These primers were designed to amplify the internal transcribed (ITS) region of ribosomal DNA (rDNA), a region which varies in size within trypanosome species, except for members of Trypanozoon, and are capable of differentiating trypanosomes based on their amplified fragments. ITS 1 and ITS 2 (outer primers) amplify the conserved regions of rDNA, small subunit (SSU), and large subunit (LSU), represented by black arrows in Figure 3 while ITS 3 and ITS 4 (inner primers) amplify the noncoding spacer regions of rDNA and are represented by white arrows.

All PCR amplifications were performed in 30 μL reaction volumes containing final concentrations of 1x Invitrogen PCR buffer, 3.5 mM MgCl2 (Promega), 0.2 mM dNTPs mix, 1.25U/μL Invitrogen Taq, 100 ng/μL of each forward and reverse primer, and 5 μL of trypanosome DNA as template. A set of purified genomic DNA of T. brucei brucei (T.b.b.), T. congolense Kilifi (T.c.k.), and T. congolense Savannah (T.c.s.) (strain IL1180) were included as positive controls during all PCR assays and nuclease free water as negative control. The outer primers (ITS 1 and 2) were used in the first round of reaction. The cycling conditions were as follows: 1 cycle of 95°C for 7 minutes as initial denaturation followed by 35 cycles of 94°C for 1 minute, 55°C for 1 minute, and 72°C for 2 minutes. The final extension was done at 72°C for 5 minutes. The PCR was carried out on a Bio-Rad thermocycler. In the second round of reaction, the outer primers were substituted with inner primers (ITS 3 and 4) and 5 μL of round one PCR product was used as DNA template. The cycling conditions for the second round of reaction were as described for the primary amplification. To analyze the amplicons, 10 μL of the PCR product was resolved in a 2% agarose gel at 80 volts for 45 minutes and the gel was visualised under UV transilluminator following ethidium bromide staining.

2.6. Data Analysis

The infectious trypanosomes were identified by comparing the molecular sizes of their DNA fragments with the documented band sizes of trypanosome species [19]. The data was then used to calculate the infection rates and prevalence of the trypanosomes on Glossina spp. Conventional data on vector distribution, apparent densities, and infection rates from the five sites was subjected to one-way analysis of variance (ANOVA) using SPSS version 16.0 software at 95% confidence interval. Chi-square test was done to determine the association of infection rates with fly’s sex and vector species. A correlation analysis was also done to establish whether there was a significant relationship between infection rates and apparent densities.

3. Results

3.1. Vector Distribution

Out of the 117 flies trapped in the area, G. pallidipes constituted the largest percentage of 58% while G. longipennis had 42%. Among the trapped tsetse flies, 39 (33.3%) were teneral while 78 (67%) were nonteneral. In Kamunyu area, G. longipennis was the most prevalent species while G. pallidipes dominated Ngiluni, Kyusyani, Iviani, and Nthunguni (Figure 4).

Apart from Glossina spp., the area was also inhabited with mechanical flies such as Tabanus spp. and Stomoxys spp. Tabanids were highly predominant over Stomoxines in all the trapping sites with an overall fly trap density (FTD) of 0.11 while Stomoxys spp. had FTD of 0.02. Of the total fly catch, Glossina spp. were the most prevalent in all the tapping sites while Stomoxys spp. constituted the lowest percentage and were recorded only in Kyusyani area (Figure 5).

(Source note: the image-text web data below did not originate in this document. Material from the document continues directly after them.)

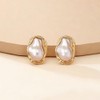 2 Pairs Exquisite Irregular Baroque Pearl Gold Stud Earrings for
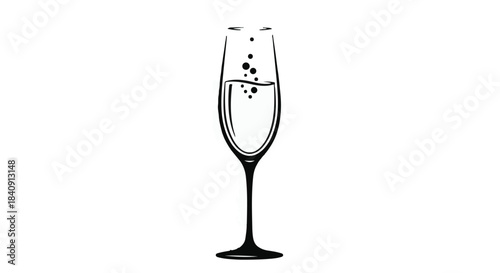 Elegant champagne flute filled with bubbly liquid and rising bubbles against a clean white background.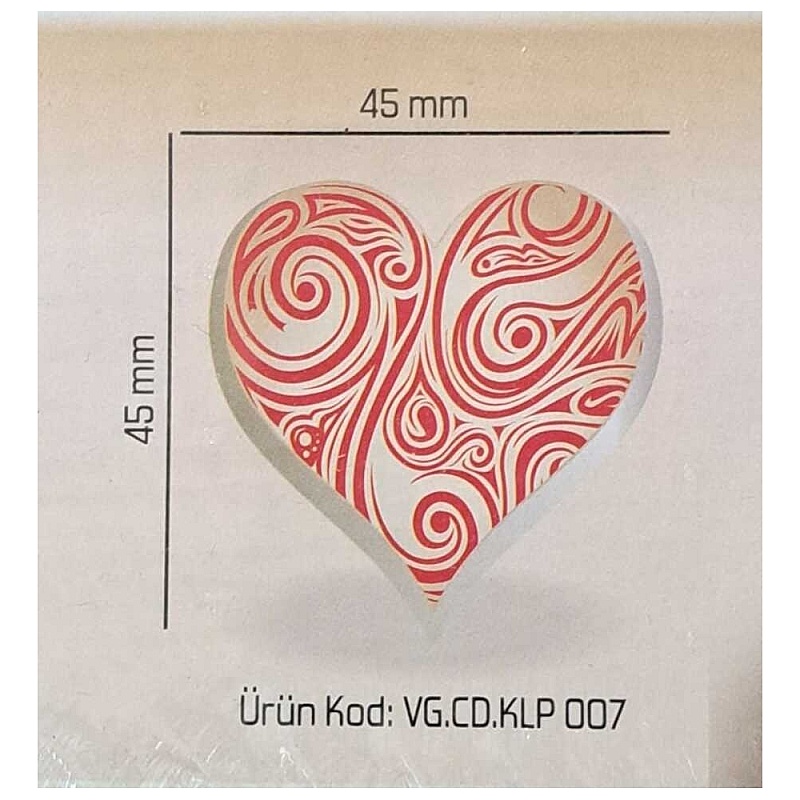 Set 288 pentru decor ciocolata ALB - Inima cu linii rosii - Dr Gusto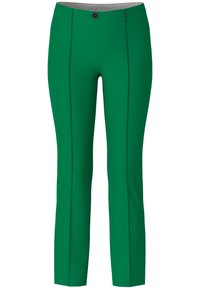 Grüne maßgeschneiderte Hose mit glatter Textur, flachem Bund, vertikalen Nahtdetails und Knopfverschluss an der Taille.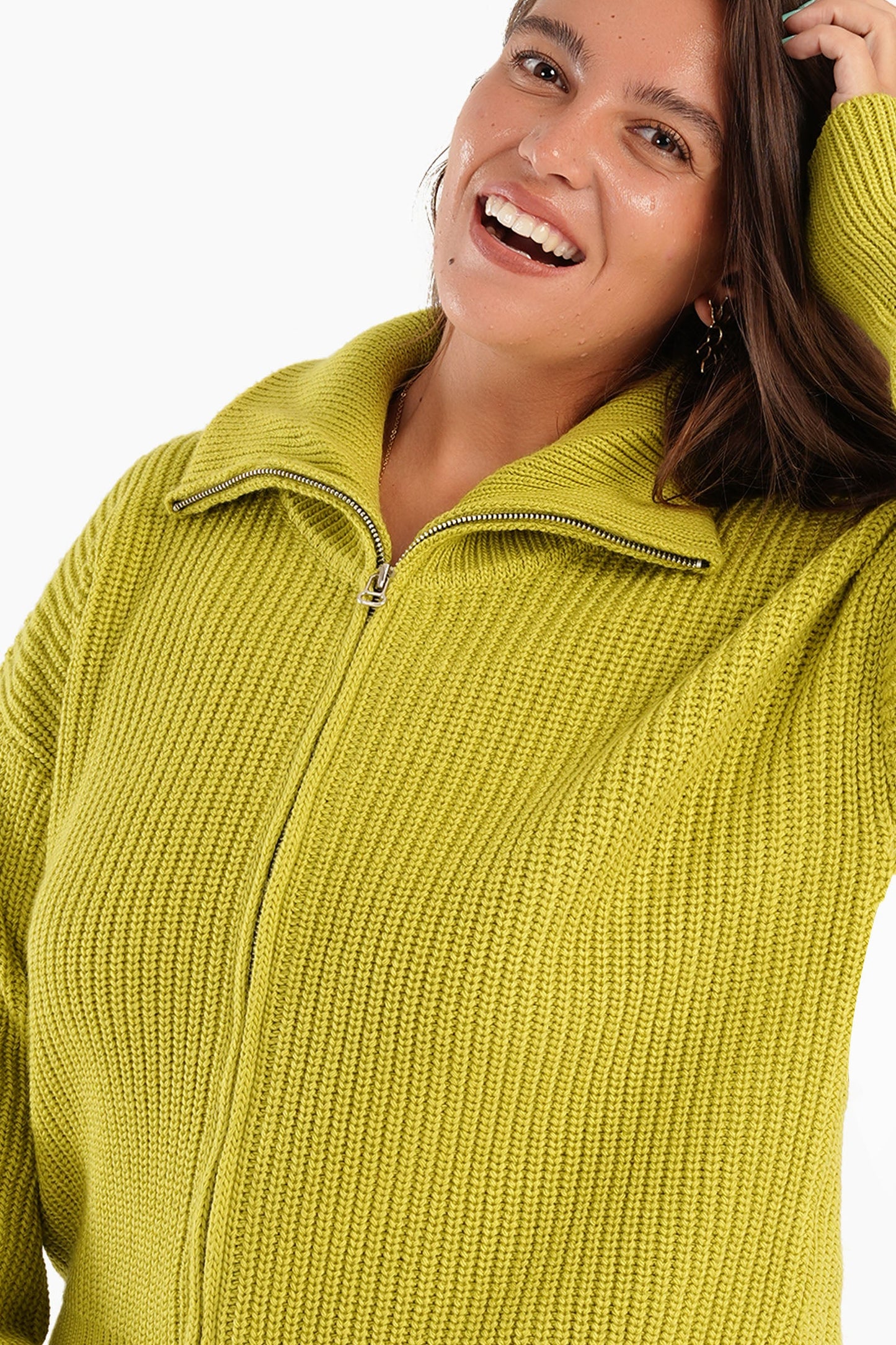 Lime Knitted Cardigan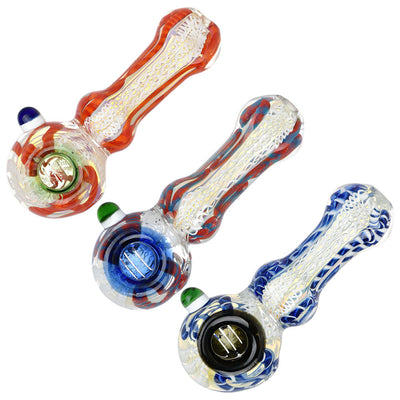 Luscious Lace Glass Spoon Pipe - 4.25" / Colors Vary - Headshop.com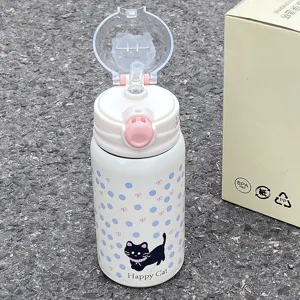 Portable stainless steel vacuum insulated water bottle with cute cat pattern and straw lid.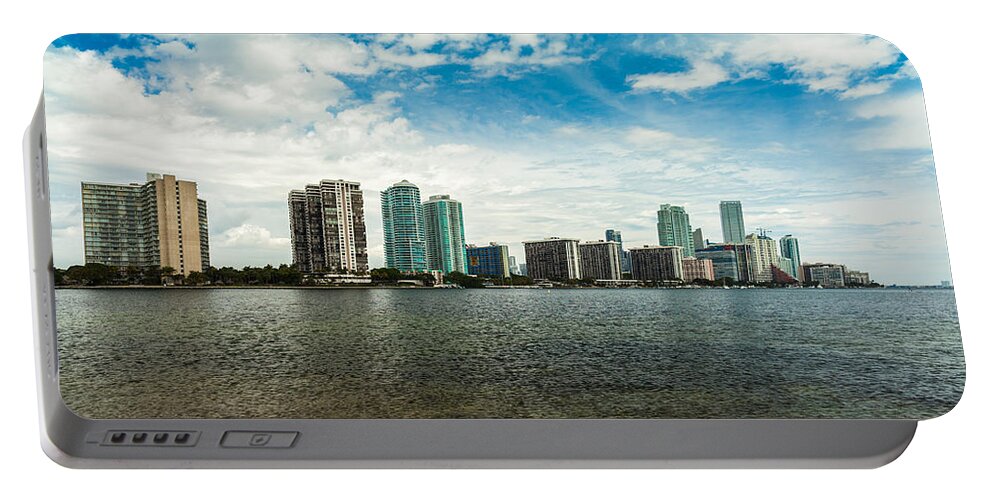 Architecture Portable Battery Charger featuring the photograph Miami Skyline #14 by Raul Rodriguez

3.2. Apparent Densities (AD)

There was no significant difference in the apparent densities (AD) of Glossina species captured across the five trapping sites which ranged from 0.1 to 0.5 depending on the locality and averaged 0.3 flies per trap per day (Figure 6).

3.3. Identification of Trypanosomes in Glossina spp.  

The expected band sizes of trypanosomes on amplification using ITS primers are shown in Table 2. Molecular identification of trypanosomes T. vivax and T. congolense Forest in Glossina spp. was successful as their DNA amplicons matched the expected sizes of 611 bp and 1513 bp, respectively (Table 2). The amplified fragments for positive controls of T. brucei brucei, T. congolense Kilifi, and T. congolense Savannah were also within the expected sizes (Table 2).

Figure 7 shows a sample of electrophoresis product of successfully amplified DNA fragments of trypanosome species T. vivax (samples 1 and 5) and the positive controls T. brucei brucei (T.b.b.), T. congolense Kilifi (T.c.k.), and T. congolense Savannah (T.c.s.). “M” represents 100 base pair molecular marker (Promega) while 6 is the negative control. Samples 2, 3, and 4 were negative for trypanosomes.

3.4. Infection Rates

Out of 78 flies analyzed using nested PCR and gel electrophoresis, the prevalence of trypanosomes infection in G. pallidipes and G. longipennis was 5.77% and 23.08%, respectively (Table 3). The overall infection rate in all Glossina spp. was recorded as 11.53%. There was a significant difference in the trypanosomes infection rate among Glossina species. Infections with T. vivax were the most prevalent (10.26%) in both species of tsetse compared to T. congolense with a prevalence of 1.28% (Table 3).

There was significant () difference in infection rates among the trapping sites with Kamunyu recording the highest rate of 6.41% followed by Kyusyani at 2.56%. Ngiluni and Iviani recorded similar infection rates of 1.28% while Nthunguni had an infection rate of 0%.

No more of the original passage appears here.